### Task prompt
Quote all lines below exactly. Images stay out.

Top of Provided data

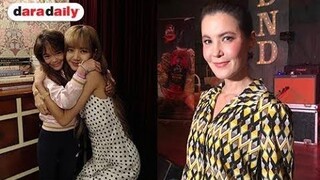 "ธัญญ่า" เล่าโมเมนต์ "น้องลียา" โผกอด "ลิซ่า Blackpink" มองแววลูกสาวไม่คิดเข้าวงการ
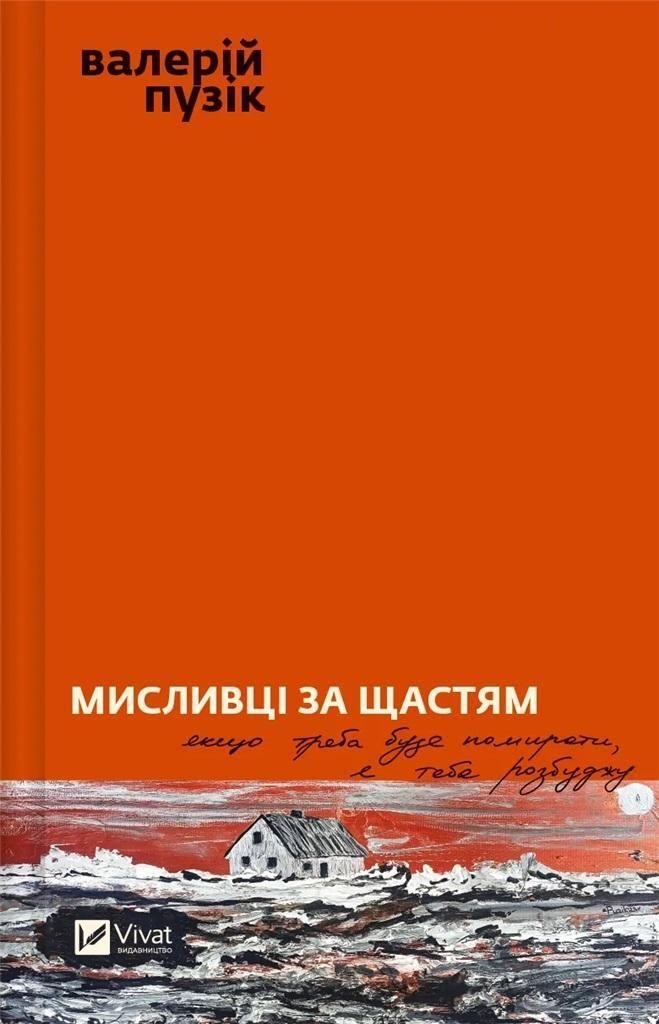 Hunters Of Happiness W.ukraińska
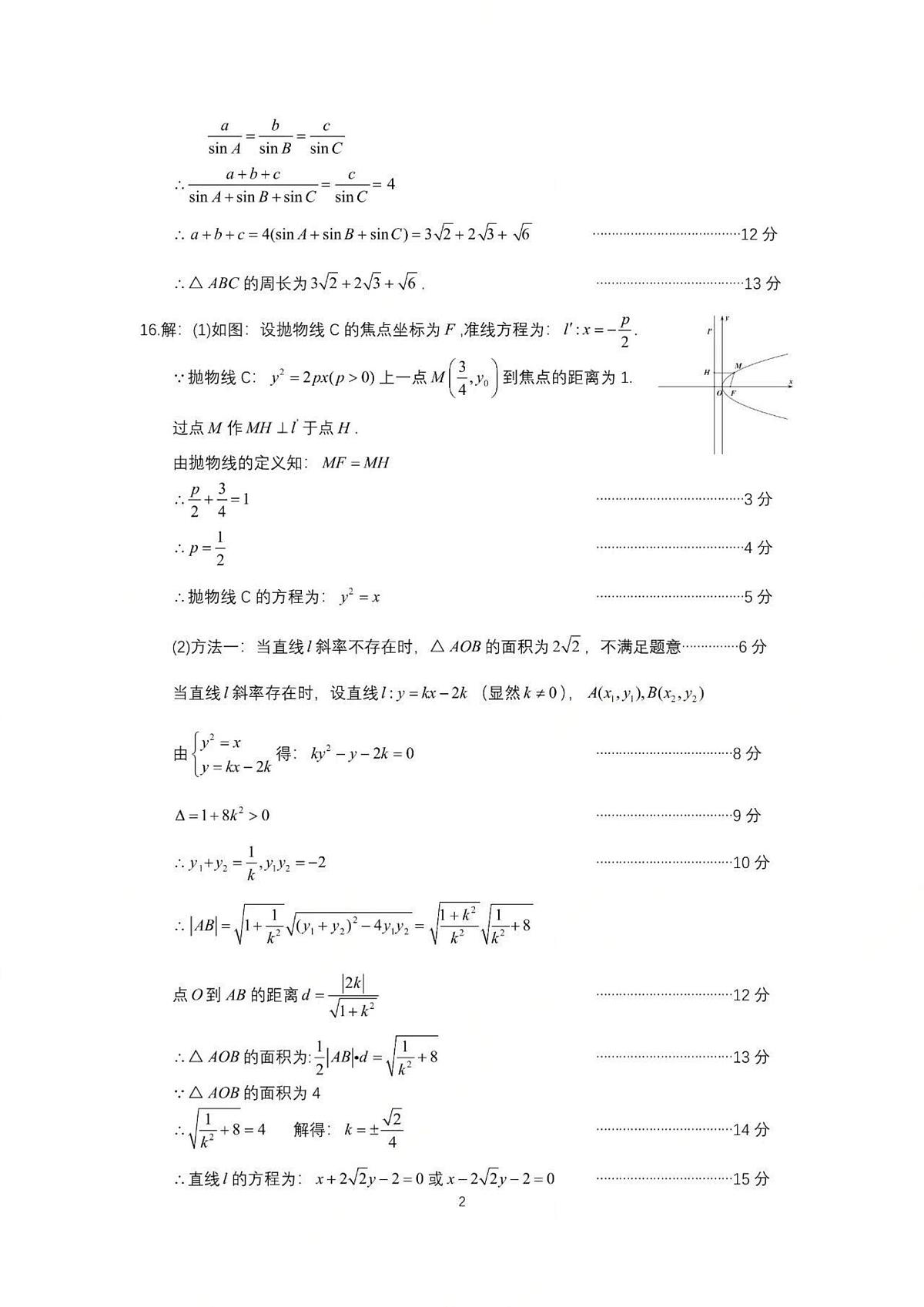 2026届南充一诊数学答案第2页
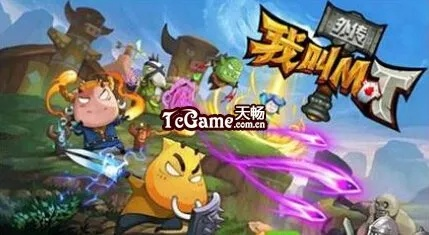 我叫mt手游与变态西游ios激活码在Mac上的精细化体验与评测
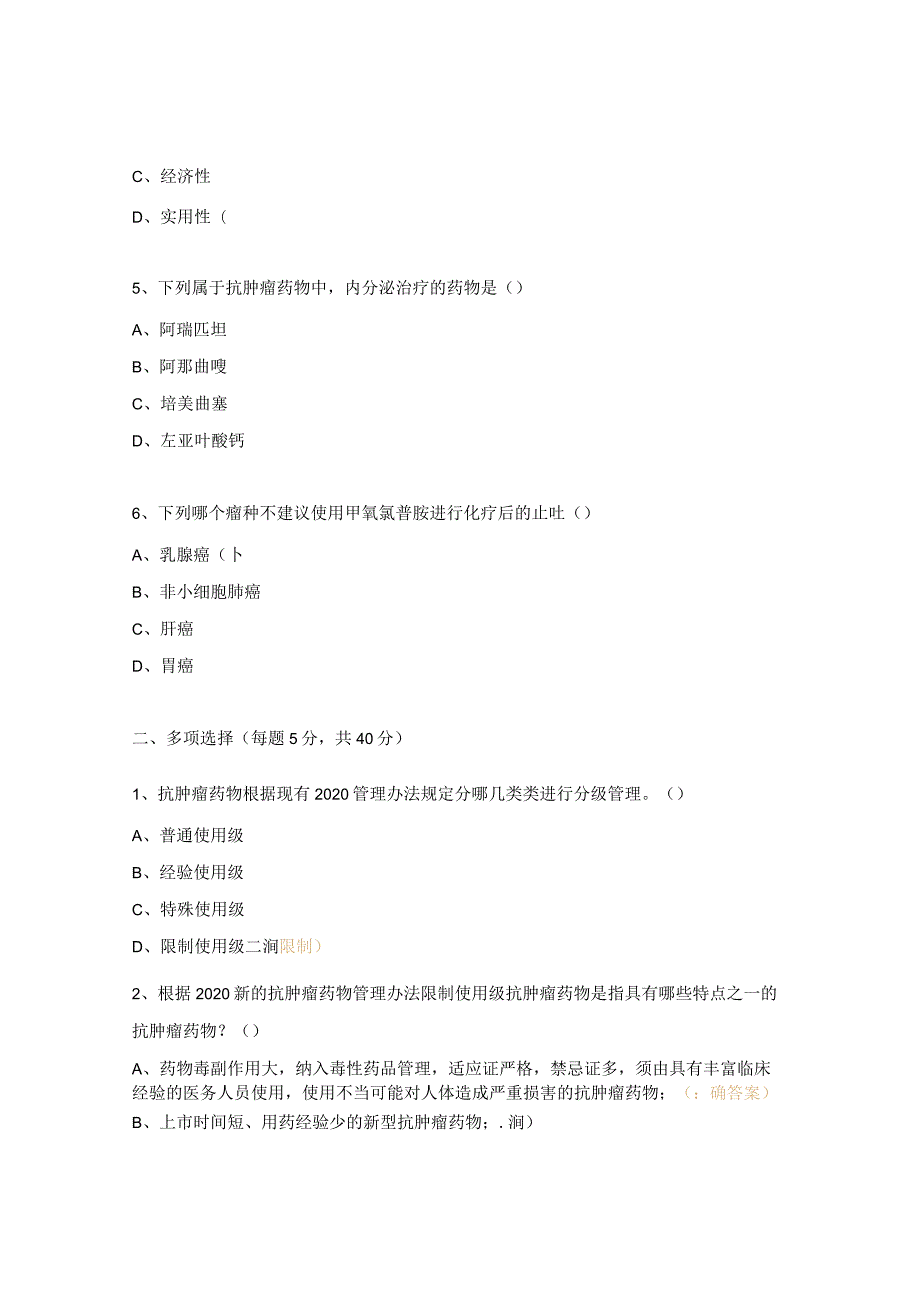 抗肿瘤药物合理应用培训试题.docx_第2页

Bottom of Provided data

### Task response
 "ธัญญ่า" เล่าโมเมนต์ "น้องลียา" โผกอด "ลิซ่า Blackpink" มองแววลูกสาวไม่คิดเข้าวงการ
 Hunters Of Happiness W.ukraińska
 2026届南充一诊数学答案第2页
 我叫mt手游与变态西游ios激活码在Mac上的精细化体验与评测
 抗肿瘤药物合理应用培训试题.docx_第2页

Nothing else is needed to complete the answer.